START Records provided

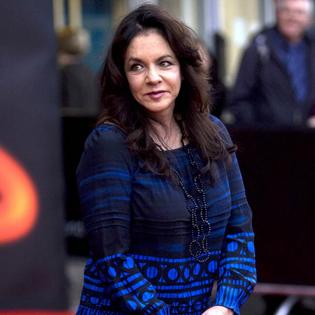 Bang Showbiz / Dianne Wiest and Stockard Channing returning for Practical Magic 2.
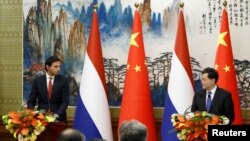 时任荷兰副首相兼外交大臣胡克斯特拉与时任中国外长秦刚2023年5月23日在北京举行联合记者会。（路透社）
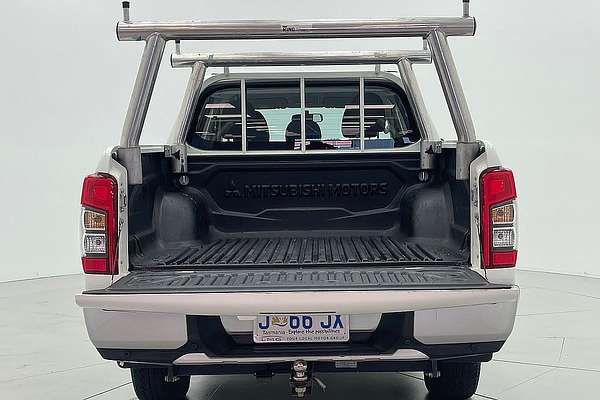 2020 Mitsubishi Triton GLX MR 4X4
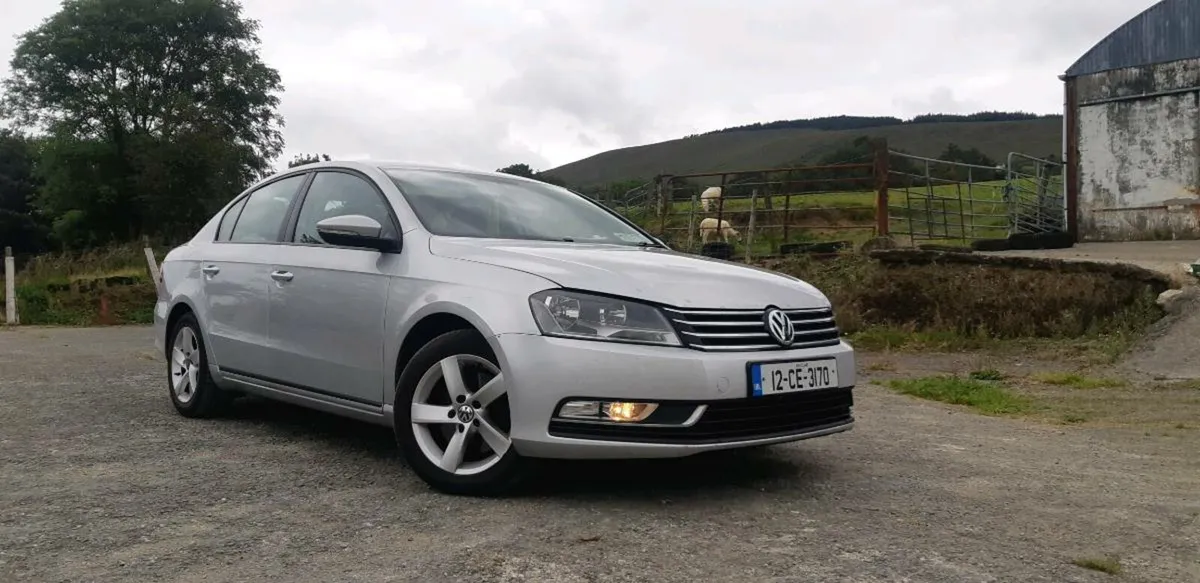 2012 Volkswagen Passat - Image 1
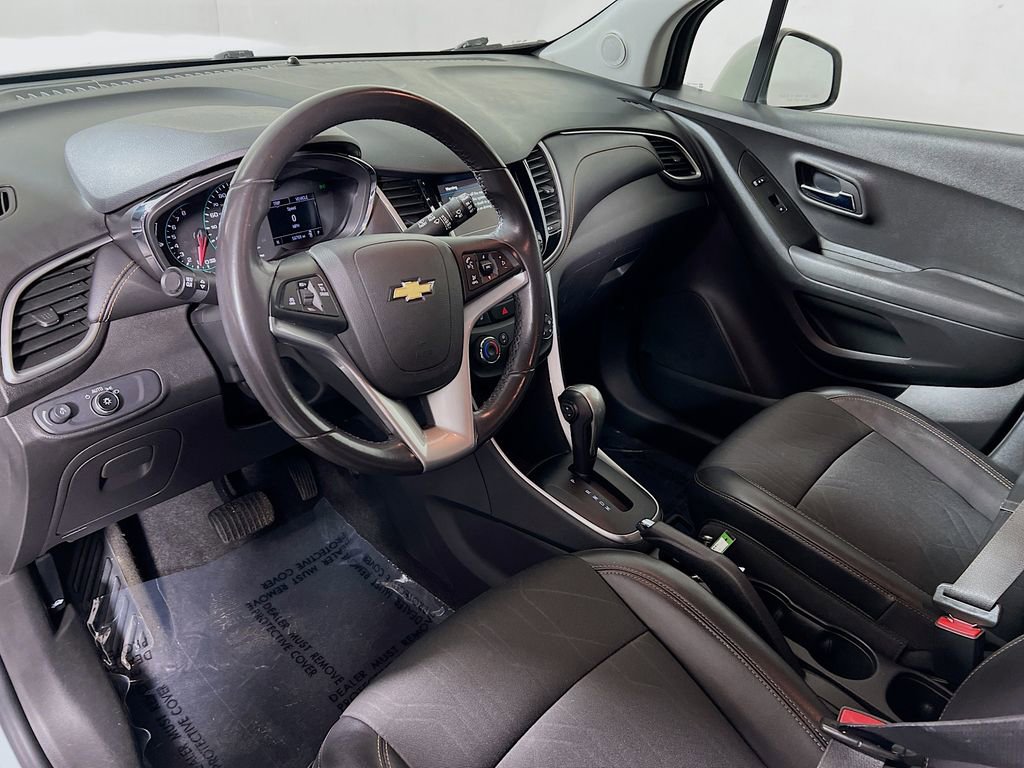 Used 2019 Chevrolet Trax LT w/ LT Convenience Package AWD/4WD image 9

END Records provided

Retype only the lines from the one with "时任荷兰副首相兼外交大臣胡克" through the final line of the entries, please, and keep the pictures out.

 时任荷兰副首相兼外交大臣胡克斯特拉与时任中国外长秦刚2023年5月23日在北京举行联合记者会。（路透社）
 2020 Mitsubishi Triton GLX MR 4X4
 2012 Volkswagen Passat - Image 1
 Used 2019 Chevrolet Trax LT w/ LT Convenience Package AWD/4WD image 9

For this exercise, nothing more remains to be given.